"In order to believe in God, you have to believe in demons": doubts about Eli Roth's The Last Exorcism
Poised between the competing ideologies of Christian fundamentalism and scientific rationalism, The Last Exorcism would like to be something more than a cheaply made StudioCanal horror movie seeking to capitalize on the success of Paranormal Activity (with producer Eli Roth giving the film movie star cred), but there are problems.
For one, if you are going to elaborate upon Linda Blair's work in The Exorcist (1973), what is there left for a possessed teenage girl to do? (For that matter, in what way is a wild-eyed, berserk, possessed teenager any different from a normal one?) Blair's character Regan has already vomited pea soup, urinated in front of guests, levitated, spoke backwards in English, and rotated her head several times. Poor Louisiana country bumpkin Nell Sweetzer (Ashley Bell) tries to compete by twisting her head into odd positions, crying like a baby (echoing a similar sound in The Blair Witch Project), hacking some goats and cows and a cat to death, and breaking her fingers until the doubting evangelical minister Cotton Marcus (Patrick Fabian) cries out "Stop!", but somehow she's still playing second fiddle. Nell obtains some hipster red boots from one of the crew who arrive at her dad's farmhouse to film a documentary about her exorcism. (For awhile, I entertained the notion of cat blood-splattered cotton dresses and red boots becoming the hot new fashion look for fall.)

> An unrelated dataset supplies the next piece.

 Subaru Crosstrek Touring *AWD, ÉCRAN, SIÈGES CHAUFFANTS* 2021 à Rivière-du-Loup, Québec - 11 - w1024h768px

Be that as it may, what separates The Last Exorcism from other "realistic" jerky handheld camera motion Blair Witch ripoffs is its intellectual pretension that may in part account for the fact that the film is not all that scary. A scene late in the film evokes both Rosemary's Baby and Nathaniel Hawthorne's "Young Goodman Brown." The charismatic and fraudulent young preacher Cotton Marcus' name alludes to Cotton Mather, a Puritan minister who participated in the Salem Witch Trials. In contrast, Cotton Marcus has a website, a way with words (he brags of his ability to sway a congregation with a recipe for banana bread), and a cynical attitude toward his exorcising craft. He sees his mission as an effort to "heal people" who think they are possessed. Lastly, Cotton suffers an ironic crisis of the faith. Even the demon, speaking through Nell, knows that when he says, "I hear you don't believe in me." Can this admitted fraud perform a real exorcism?
In other ways, The Last Exorcism loads the dice as it falls short. Poor Nell has a creepy villainous-looking acne-scarred dad named Louis (Louis Herthum) who looks like he could be easily guilty of who knows what crimes, and a brother named Caleb (Caleb Landry Jones) who has aggression issues of his own. When he isn't throwing rocks at Cotton's van, Caleb's threatening to hurt Cotton if something happens to his sister. The entire Sweetzer household reminded me of the toxic ambiance of Bad Day at Black Rock. No one, except perhaps naive Nell, wants the film crew around.
With all of his ambitions of emulating Lars Von Trier, director Daniel Stamm still has difficulty setting up a scary scene. For instance, after his first (fake) exorcism, Cotton takes his payment, exhorts Louis to lay off the bottle, says goodbye to the Sweetzers, and then retires to a hotel. But then, sometime in the night, Nell just appears in a nearby room. How did she get there? How did she know what hotel he was in? Why is she acting so weird? But there's no suspense in the scene. She just shows up, and Cotton takes her to the hospital and requests psychiatric help for her.
The film is full of these missed opportunities. I was especially distracted by the snippets of scary non-diegetic music soundtrack that kept giving away that we are not watching a "real" documentary. Even given its copycat effective marketing, The Last Exorcism betrays the challenges of imitating Paranormal Activity, which really did only cost about $10,000 and looks crude enough to prove it. Cotton says that "in order to believe in God, you have to believe in demons," but it's another thing altogether to not see the studio gloss and calculation belying a deliberately amateurish horror film.